Темная волна. Лучшее

22
18
20
22
24
26
28
30

— Да, давно… Жизнь меняется. Вода течет, время как вода утекает… Пойдем, Настя.

Он поднялся, протянул ей руку, смотрел повелительно, а за приказом виделась в глазах страшная жажда, желание всю ее в себя вобрать, выпить, так, чтобы не осталось ничего от нее, Насти Сиповой.

«Что же это такое? — думала она. — Что же он такое?»

И тут словно бабушкины истории кусочками мозаики сложились. Сопротивляться его воле было трудно, но она с усилием подняла руку, сорвала талисман свой заветный, теплом тела налитый, бросила в стакан воды на столе.

— Нокс, нокс, — сказала она пересохшими губами. — Возьми железо в воде вместо моей крови…

Демьян ошеломленно поднял брови, засмеялся, зубы влажно заблестели.

— Так вот, да? — сказал он. Поднял стакан, отпил. — Это все суеверия, девочка. Железо, вода, черный петух, три капли нижней женской крови…

Посмотрел на дно стакана и замер. Допил воду, вытряхнул на ладонь Настин шейный кулон на серебряной цепочке — пулю, что в сорок третьем под Курском вырезал из ее груди полевой хирург Михайлов, хороший был человек, замуж ее звал тогда, долго она по нему плакала. Настя прикрыла глаза. Предчувствие смерти теснило ее единственное легкое. Демьян приподнял ей волосы над шеей, надел кулон обратно. Положил руку ей на грудь, на страшный шрам, который она никогда никому не показывала.

— Санитаркой? — спросил он тихо.

— Медсестрой, — ответила Настя. — Перед войной… курсы… неважно уж.

И заплакала, горячие слезы покатились по щекам.

— Давай уже, — сказала она. — Не тяни. Собрался убивать — убивай.

Ей вдруг горячо сделалось, будто огня хлебнула, дыхание встало в горле.

— Тс-с-с, — сказал Демьян.

От его руки боль разливалась, распирала, будто он ей в грудь кипяток закачивал. Настя хрипела, ногтями скребла, царапая, раздирая его кожу, но он не двигался.

— Подожди, — говорил. — Подожди, девочка.

Отпустил ее, она падать начала — ноги подогнулись. Демьян ее подхватил, отнес на постель тут же, в углу — уж она ее приметила, когда только в комнату зашла, хоть и с другими надеждами.

— Спи теперь, — сказал он. — Не бойся. Дыши.
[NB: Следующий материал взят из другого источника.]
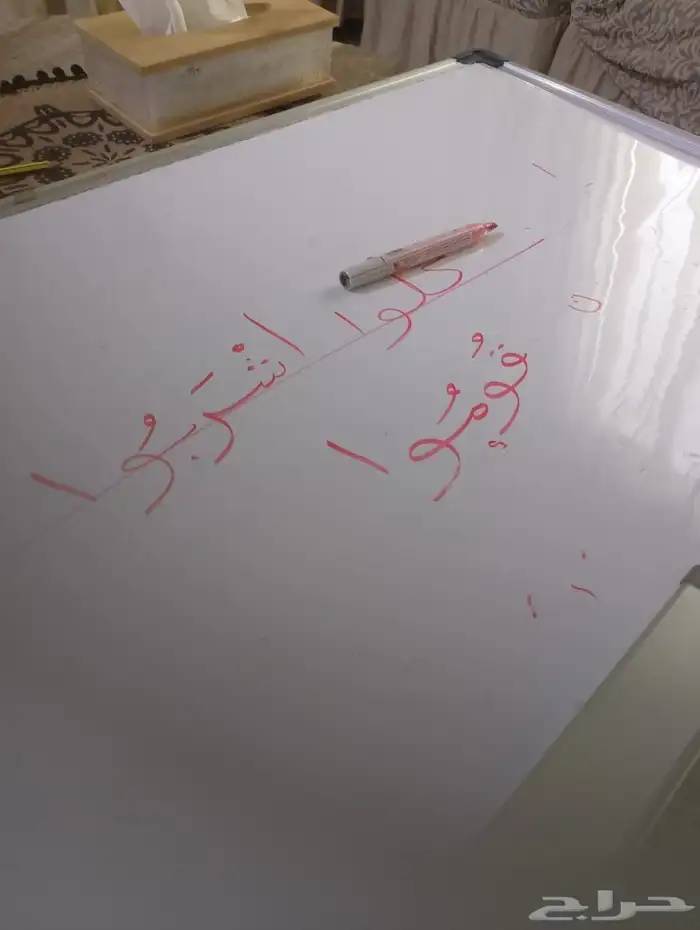 معلم تأسيس ومتابعة 9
Она боялась засыпать, но темнота накатывала, накрывала. Демьян на подоконник сел, смотрел наружу, в ночь, и все говорил, говорил странное — про Цусимское сражение, про Моонзунд, про гражданскую войну. Как под Смоленском в сорок первом артиллерийскую установку рвануло, его всего обожгло, и когда девочка-санитарка его по грязи тащила, он, себя не помня, потянулся к ней, выпил, осушил досуха…

— А я давно никого не убивал, — говорил он. — Понемножку забирал, потихоньку, уж такая у меня природа, с жаждой не поспоришь, но в руках себя держал. Помнил, как потом горько и стыдно бывает. А тут — девочка совсем, дитё смелое, отчаянное — тащит меня и уговаривает не умирать… Я ее за руку ухватил и через руку всю выпил, больно ей было, кричала, как заживо от меня горела… Упала в грязь веткой сухой, я на нее… Очень я до сих пор по ней горюю, а как звали даже — не знаю. Понимаешь, Настя, если к тигру раненому подойти — он потянется и разорвет, с добром ли ты, или с багром… Такая его природа, понимаешь?